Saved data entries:
•••••
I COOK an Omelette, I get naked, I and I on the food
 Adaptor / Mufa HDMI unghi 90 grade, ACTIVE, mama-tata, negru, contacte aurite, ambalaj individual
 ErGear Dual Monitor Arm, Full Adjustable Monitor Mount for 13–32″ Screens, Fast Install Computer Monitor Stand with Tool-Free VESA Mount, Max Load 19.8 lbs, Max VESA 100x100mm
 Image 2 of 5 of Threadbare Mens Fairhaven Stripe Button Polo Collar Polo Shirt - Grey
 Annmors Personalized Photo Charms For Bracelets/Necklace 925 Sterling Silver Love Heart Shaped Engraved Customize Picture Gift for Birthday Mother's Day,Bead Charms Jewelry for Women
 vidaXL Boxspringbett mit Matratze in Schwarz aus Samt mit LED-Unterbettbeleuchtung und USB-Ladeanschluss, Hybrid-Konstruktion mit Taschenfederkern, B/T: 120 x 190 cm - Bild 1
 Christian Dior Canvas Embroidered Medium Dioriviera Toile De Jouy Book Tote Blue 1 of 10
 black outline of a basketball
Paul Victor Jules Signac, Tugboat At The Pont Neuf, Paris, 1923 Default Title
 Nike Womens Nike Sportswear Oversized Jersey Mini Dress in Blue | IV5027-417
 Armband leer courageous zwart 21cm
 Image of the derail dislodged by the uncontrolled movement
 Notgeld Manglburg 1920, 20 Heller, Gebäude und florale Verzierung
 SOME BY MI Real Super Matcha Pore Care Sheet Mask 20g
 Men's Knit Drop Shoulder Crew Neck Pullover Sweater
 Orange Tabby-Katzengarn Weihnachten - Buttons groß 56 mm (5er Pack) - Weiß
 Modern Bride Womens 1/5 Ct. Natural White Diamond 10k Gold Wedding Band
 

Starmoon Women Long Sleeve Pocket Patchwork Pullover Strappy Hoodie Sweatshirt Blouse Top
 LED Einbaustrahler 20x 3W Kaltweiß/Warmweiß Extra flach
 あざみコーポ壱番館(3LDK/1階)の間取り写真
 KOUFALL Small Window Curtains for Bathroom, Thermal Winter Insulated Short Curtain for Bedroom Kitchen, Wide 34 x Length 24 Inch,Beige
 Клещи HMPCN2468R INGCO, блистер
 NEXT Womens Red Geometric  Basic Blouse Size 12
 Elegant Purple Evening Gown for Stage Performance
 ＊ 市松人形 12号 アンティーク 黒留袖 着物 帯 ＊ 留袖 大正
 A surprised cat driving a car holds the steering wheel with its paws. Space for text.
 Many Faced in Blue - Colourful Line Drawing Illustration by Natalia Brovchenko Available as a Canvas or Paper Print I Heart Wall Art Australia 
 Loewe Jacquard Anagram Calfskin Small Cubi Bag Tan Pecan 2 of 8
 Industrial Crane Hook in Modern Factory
•••••
Your answer should consist solely of the lines above from the line with "LED Einbaustrahler 20x" to the line with "Many Faced in", both included, reproduced exactly.

 LED Einbaustrahler 20x 3W Kaltweiß/Warmweiß Extra flach
 あざみコーポ壱番館(3LDK/1階)の間取り写真
 KOUFALL Small Window Curtains for Bathroom, Thermal Winter Insulated Short Curtain for Bedroom Kitchen, Wide 34 x Length 24 Inch,Beige
 Клещи HMPCN2468R INGCO, блистер
 NEXT Womens Red Geometric  Basic Blouse Size 12
 Elegant Purple Evening Gown for Stage Performance
 ＊ 市松人形 12号 アンティーク 黒留袖 着物 帯 ＊ 留袖 大正
 A surprised cat driving a car holds the steering wheel with its paws. Space for text.
 Many Faced in Blue - Colourful Line Drawing Illustration by Natalia Brovchenko Available as a Canvas or Paper Print I Heart Wall Art Australia 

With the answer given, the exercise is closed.